Exercise
Of the lines in the data below, write out exactly those from the one holding "skilled artisan hands" through the one holding "Soyut suluboya arkaplan", both included.

Data for the task
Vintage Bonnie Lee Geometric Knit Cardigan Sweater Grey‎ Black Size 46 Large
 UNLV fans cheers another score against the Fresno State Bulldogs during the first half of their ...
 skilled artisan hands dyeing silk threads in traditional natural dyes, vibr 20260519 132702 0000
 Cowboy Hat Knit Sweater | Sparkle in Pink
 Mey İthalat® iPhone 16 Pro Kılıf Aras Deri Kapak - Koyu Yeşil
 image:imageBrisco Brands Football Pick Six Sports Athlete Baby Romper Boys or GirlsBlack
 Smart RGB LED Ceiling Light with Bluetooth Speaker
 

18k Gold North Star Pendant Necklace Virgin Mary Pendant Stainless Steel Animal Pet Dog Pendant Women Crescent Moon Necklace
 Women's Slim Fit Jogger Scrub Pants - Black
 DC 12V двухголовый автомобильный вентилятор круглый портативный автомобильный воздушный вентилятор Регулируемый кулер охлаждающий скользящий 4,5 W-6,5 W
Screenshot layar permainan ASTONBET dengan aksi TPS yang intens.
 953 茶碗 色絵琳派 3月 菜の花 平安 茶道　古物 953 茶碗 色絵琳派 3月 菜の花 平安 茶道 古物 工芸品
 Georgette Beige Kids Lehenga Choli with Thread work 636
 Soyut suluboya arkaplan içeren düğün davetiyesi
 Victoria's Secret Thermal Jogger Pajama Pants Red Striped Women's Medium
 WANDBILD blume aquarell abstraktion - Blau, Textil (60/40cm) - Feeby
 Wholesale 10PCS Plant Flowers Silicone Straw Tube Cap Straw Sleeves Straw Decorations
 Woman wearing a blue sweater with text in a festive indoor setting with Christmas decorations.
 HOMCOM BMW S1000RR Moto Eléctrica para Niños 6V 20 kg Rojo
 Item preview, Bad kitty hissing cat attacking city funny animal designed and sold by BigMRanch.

Written response
 skilled artisan hands dyeing silk threads in traditional natural dyes, vibr 20260519 132702 0000
 Cowboy Hat Knit Sweater | Sparkle in Pink
 Mey İthalat® iPhone 16 Pro Kılıf Aras Deri Kapak - Koyu Yeşil
 image:imageBrisco Brands Football Pick Six Sports Athlete Baby Romper Boys or GirlsBlack
 Smart RGB LED Ceiling Light with Bluetooth Speaker
 

18k Gold North Star Pendant Necklace Virgin Mary Pendant Stainless Steel Animal Pet Dog Pendant Women Crescent Moon Necklace
 Women's Slim Fit Jogger Scrub Pants - Black
 DC 12V двухголовый автомобильный вентилятор круглый портативный автомобильный воздушный вентилятор Регулируемый кулер охлаждающий скользящий 4,5 W-6,5 W
Screenshot layar permainan ASTONBET dengan aksi TPS yang intens.
 953 茶碗 色絵琳派 3月 菜の花 平安 茶道　古物 953 茶碗 色絵琳派 3月 菜の花 平安 茶道 古物 工芸品
 Georgette Beige Kids Lehenga Choli with Thread work 636
 Soyut suluboya arkaplan içeren düğün davetiyesi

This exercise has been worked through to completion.